Mereka berdiri di sana sejenak seolah-olah mereka adalah patung, masing-masing terengah-engah sampai Kenzo batuk seteguk darah dan menjatuhkan senjatanya yang berdentang di lantai.

"Aku menang" Ezra terengah-engah sebelum menjauh dari lawannya yang mencengkeram lemah pisau yang bersarang di dadanya.

"Sial...kau...Fernando" dia tersedak sebelum ambruk ke samping.

Ezra terhuyung mundur terpeleset darah dan jatuh dengan keras ke tembok.

"HAH!" dia meludah saat rasa sakit yang membakar merobek punggungnya, meluncur ke bawah tembok dia merosot ke lantai dan Kenzo berbaring diam, darah mengalir dari luka di dadanya.

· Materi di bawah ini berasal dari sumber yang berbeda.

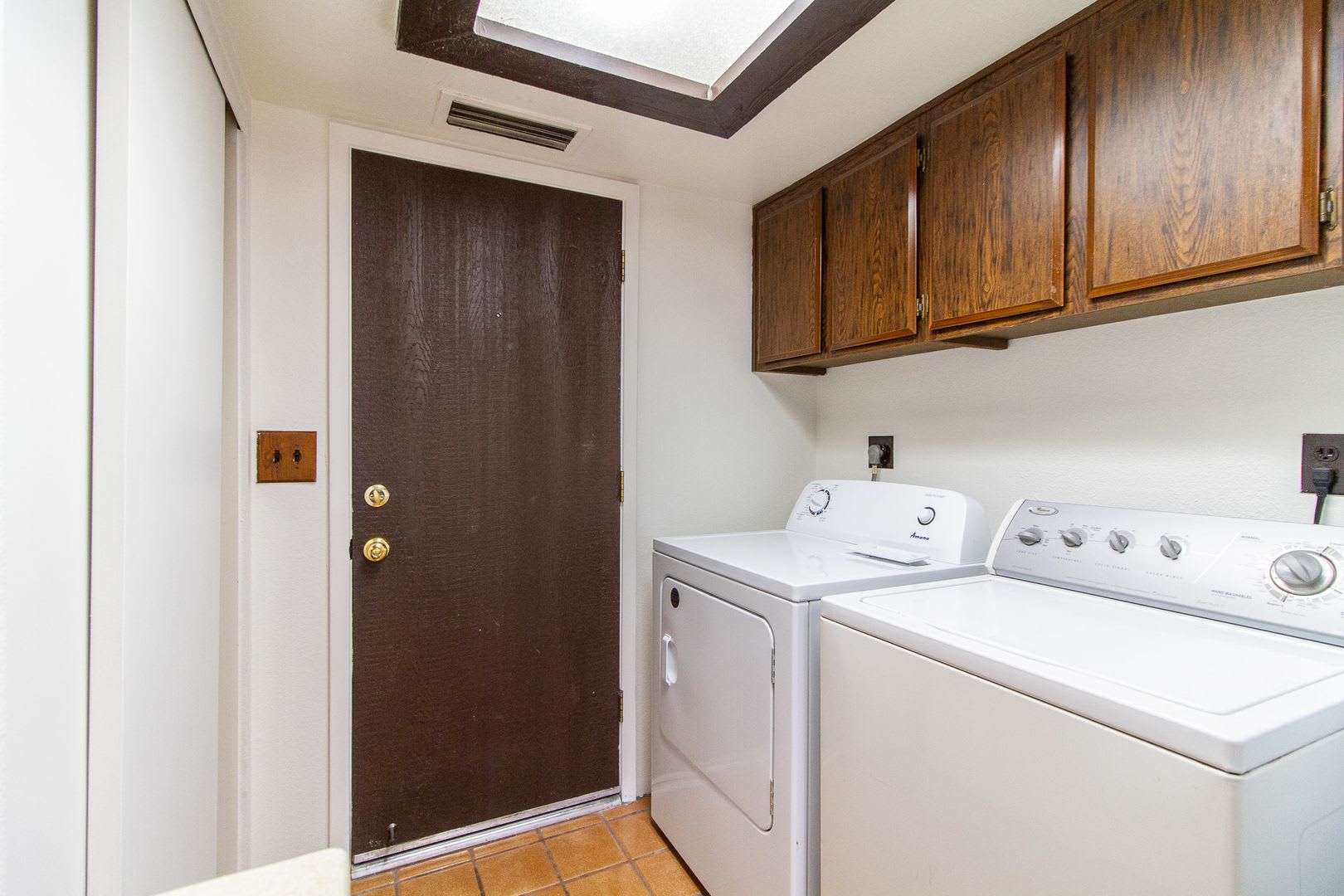 EXCELLENT 2BED, 1.5BATH TOWNHOUSE LOCATED NEAR 48TH ST & GUADALUPE – photo 5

Ezra terkekeh pada dirinya sendiri, dia lelah tapi dia sudah cukup puas. Setelah dengan sengaja membuat dirinya terlihat lemah, dia membiarkan Kenzo melukainya untuk mendukung apa yang pada akhirnya akan menjadi pembelaannya kepada polisi.

Kombinasi dari kejar-kejaran di dapur, serangan di pintu dan luka di punggungnya semuanya akan menguntungkannya untuk mendukung klaim bahwa Kenzo telah menyerang lebih dulu.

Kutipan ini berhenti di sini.